Ubuntu does it very well with minimal fuss. I see little to dislike.
my last personal anectode with ubuntu is this: my company decided to setup our office as a remote-onsite hybrid workplace, so our working machines were moved to a rack elsewhere to be accessed remotely and the local machines were supposed to act as basically dumb terminals that can be used interchangeably by us
we develop on rhel, but since the local machines are just to access our dev machines remotely, support decided to install ubuntu because it “just works”. turns out, since ubuntu does a lot of stuff its own way for no good reason, it broke under our network configuration (it’s complicated) and no snap application could run – so, no slack or firefox. not a great scenario for a workplace. in the end we decided to replace ubuntu by rhel and no longer had any issues
you’re right that ubuntu might work flawlessly for you and that it might never break. but, it also might break in unexpected ways. i cannot reliably recommend ubuntu to a beginner because this risk might forever put someone off of linux
Pop OS has been pretty pain free for me
PopOS or Mint are probably the best for new users.
Mint was my beginner distro and is what I recommend. In my experience I was able to find a solution for most of my beginner problems by searching for a solution for mint.
memes dunking on mint are irrelevant. use what works for you & ignore the noise.
personally, mint lmde, based on debian, might be worth a once over. sounds like the stability aspect might be up your alley.
to those suggesting mint, any particular reasons to choose between Cinnamon, MATE, and Xfce versions?
Cinnamon or Xfce are more similar to Windows’ user interface. Between those two, Xfce is more lightweight than Cinnamon. MATE is more for people who liked GNOME 2 and want that interface over what the current GNOME is.
Cinnamon would probably be the most friendly as a new user, but I personally haven’t used it in years and I’m not familiar with its current state.
I personally use Cinnamon, which has a similar feeling to Win10. Very satisfied with it on my desktop. From what I’ve heard XFCE also feels similar to Windows, but I simply have just used Cinnamon ¯_(ツ)_/¯
I really like Fedora. Swapped to it a few months ago, my first time using Linux, and I’ve since only been using the Linux machine. With the KDE Plasma spin, it really is a near 1:1 UI to Windows.
Ubuntu, Debian, Fedora or one of the offshoots like Mint or Pop.
As long as you don’t go too far into the weeds with Arch, Silverblue or NixOS, You’re probably going to have a pretty decent experience, as long as you don’t dig too far under the hood too early most things that you’re going to want to try are just going to work out of the gate.
What spec of laptop are you thinking of getting?
Still shopping around, so nothing’s set in stone.

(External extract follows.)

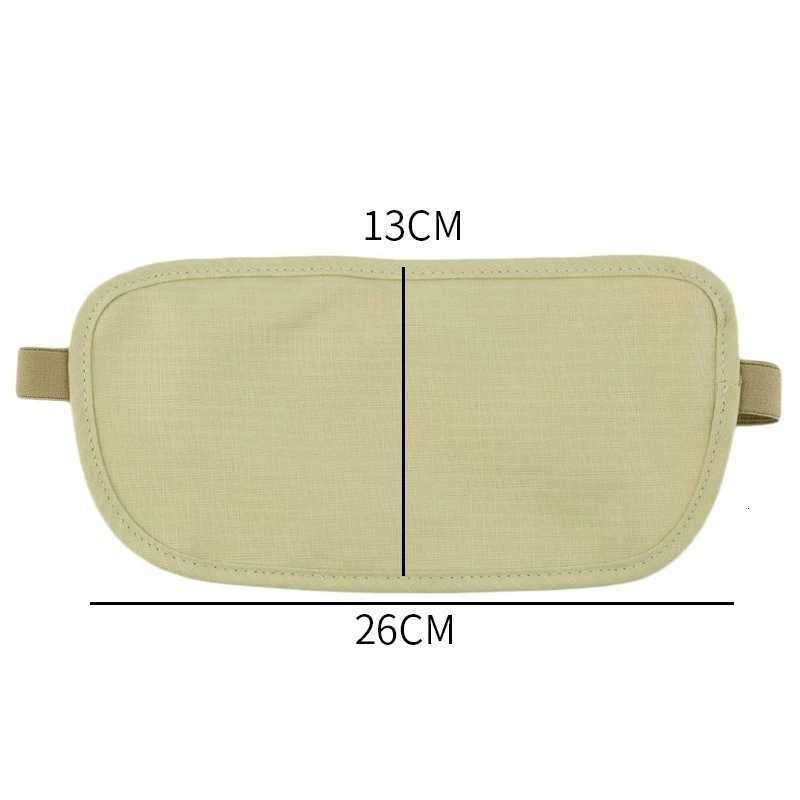 Invisible Travel Waist Packs Pouch for Passport Money Belt Bag Hidden Security Wallet Gift Chest PackL251024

I’m not much of a hardware guy either, so the best I could tell you is just that I’m looking for something a step or two above ‘bare minimum’ for 2025. An SSD, fair bit of ram, ports for external storage so I can actually boot with another OS, maybe enough guts to run skyrim modded to the gills. Somewhere in that ballpark.
If you’re getting a laptop with a graphics card, make sure you go with something by AMD. Nvidia cards will work fine enough, though for a whole host of different reasons, AMD is generally preferred for Linux.
good insight, thanks
mint is probably where you want to be. if you have performance issues with mint, consider MX Linux, AntiX, and EndeavourOS, in that order.